[Records contained in a dataset]
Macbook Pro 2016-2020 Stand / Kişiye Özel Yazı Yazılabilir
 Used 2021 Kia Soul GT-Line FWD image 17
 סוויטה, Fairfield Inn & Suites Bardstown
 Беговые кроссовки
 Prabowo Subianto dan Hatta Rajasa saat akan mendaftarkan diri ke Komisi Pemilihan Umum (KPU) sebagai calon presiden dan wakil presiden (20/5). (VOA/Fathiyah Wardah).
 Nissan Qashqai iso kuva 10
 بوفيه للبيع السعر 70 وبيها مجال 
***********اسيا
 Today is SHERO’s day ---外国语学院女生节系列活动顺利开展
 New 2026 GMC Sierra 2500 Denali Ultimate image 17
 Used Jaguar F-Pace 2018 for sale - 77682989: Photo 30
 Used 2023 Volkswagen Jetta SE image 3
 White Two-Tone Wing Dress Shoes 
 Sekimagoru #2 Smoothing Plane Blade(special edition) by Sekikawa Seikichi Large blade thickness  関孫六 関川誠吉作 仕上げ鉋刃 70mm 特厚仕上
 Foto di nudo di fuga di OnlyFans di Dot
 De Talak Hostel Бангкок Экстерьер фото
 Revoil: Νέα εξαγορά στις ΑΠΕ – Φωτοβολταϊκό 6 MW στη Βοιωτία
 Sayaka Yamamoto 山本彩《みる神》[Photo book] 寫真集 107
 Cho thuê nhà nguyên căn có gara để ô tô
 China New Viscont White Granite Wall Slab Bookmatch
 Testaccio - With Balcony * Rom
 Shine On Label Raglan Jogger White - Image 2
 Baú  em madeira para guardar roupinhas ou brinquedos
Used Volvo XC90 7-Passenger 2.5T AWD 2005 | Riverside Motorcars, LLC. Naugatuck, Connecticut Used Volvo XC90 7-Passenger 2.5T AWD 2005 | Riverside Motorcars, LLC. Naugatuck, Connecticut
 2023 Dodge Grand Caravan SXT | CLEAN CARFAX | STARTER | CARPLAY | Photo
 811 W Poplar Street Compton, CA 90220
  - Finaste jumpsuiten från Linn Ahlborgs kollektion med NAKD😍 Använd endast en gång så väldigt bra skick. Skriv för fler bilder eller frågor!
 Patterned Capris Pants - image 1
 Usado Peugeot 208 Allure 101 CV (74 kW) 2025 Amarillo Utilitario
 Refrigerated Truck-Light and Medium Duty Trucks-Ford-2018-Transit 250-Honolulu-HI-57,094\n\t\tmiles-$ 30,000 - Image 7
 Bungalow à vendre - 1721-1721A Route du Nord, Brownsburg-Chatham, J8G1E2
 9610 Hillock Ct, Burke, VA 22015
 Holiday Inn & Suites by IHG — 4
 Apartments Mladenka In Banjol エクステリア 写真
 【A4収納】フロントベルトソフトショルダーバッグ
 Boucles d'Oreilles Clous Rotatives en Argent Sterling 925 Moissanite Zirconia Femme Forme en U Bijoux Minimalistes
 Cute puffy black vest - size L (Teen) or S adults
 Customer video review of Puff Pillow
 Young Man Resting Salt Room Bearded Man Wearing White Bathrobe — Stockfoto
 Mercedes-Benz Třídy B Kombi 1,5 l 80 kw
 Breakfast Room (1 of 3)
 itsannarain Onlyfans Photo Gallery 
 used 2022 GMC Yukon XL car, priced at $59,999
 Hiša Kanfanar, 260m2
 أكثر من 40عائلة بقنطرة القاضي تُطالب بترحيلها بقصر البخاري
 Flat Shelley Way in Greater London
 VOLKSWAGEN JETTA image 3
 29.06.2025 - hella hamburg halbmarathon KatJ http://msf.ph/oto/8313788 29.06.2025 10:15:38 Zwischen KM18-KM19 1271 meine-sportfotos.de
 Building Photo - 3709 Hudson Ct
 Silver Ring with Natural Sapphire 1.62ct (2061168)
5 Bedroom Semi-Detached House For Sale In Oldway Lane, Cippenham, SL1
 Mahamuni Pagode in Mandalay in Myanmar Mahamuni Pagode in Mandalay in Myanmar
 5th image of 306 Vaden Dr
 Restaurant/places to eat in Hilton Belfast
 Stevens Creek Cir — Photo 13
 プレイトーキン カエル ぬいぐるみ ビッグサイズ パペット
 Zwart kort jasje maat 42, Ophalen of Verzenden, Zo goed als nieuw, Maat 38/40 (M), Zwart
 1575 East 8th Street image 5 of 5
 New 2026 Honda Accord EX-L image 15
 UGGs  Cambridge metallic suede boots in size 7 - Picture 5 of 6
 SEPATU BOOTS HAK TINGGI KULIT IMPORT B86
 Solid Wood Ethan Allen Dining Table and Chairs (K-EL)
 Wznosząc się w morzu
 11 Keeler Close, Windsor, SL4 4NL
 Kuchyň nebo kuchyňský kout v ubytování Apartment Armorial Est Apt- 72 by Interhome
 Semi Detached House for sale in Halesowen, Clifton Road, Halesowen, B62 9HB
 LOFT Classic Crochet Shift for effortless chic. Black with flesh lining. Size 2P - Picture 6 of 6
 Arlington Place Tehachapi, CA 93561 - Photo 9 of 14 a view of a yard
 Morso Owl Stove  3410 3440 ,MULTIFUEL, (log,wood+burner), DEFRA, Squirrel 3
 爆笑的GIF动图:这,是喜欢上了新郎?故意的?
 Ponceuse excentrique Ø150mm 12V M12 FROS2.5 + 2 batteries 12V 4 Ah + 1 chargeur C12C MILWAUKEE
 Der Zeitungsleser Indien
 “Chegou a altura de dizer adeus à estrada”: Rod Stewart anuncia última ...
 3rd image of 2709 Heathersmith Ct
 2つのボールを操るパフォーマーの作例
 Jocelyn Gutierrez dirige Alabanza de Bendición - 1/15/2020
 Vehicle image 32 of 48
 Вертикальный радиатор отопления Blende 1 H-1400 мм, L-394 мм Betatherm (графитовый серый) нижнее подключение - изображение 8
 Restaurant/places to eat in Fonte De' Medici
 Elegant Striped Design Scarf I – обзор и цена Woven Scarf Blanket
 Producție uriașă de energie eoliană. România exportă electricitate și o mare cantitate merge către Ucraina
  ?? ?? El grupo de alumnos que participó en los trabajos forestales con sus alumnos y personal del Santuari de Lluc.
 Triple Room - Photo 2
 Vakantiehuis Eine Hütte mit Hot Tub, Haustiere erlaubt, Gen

ABOUT THIS TASK:
Copy exactly. The range runs from the line containing "Elegant Striped Design" through the last line of the data.

TASK SOLUTION:
 Elegant Striped Design Scarf I – обзор и цена Woven Scarf Blanket
 Producție uriașă de energie eoliană. România exportă electricitate și o mare cantitate merge către Ucraina
  ?? ?? El grupo de alumnos que participó en los trabajos forestales con sus alumnos y personal del Santuari de Lluc.
 Triple Room - Photo 2
 Vakantiehuis Eine Hütte mit Hot Tub, Haustiere erlaubt, Gen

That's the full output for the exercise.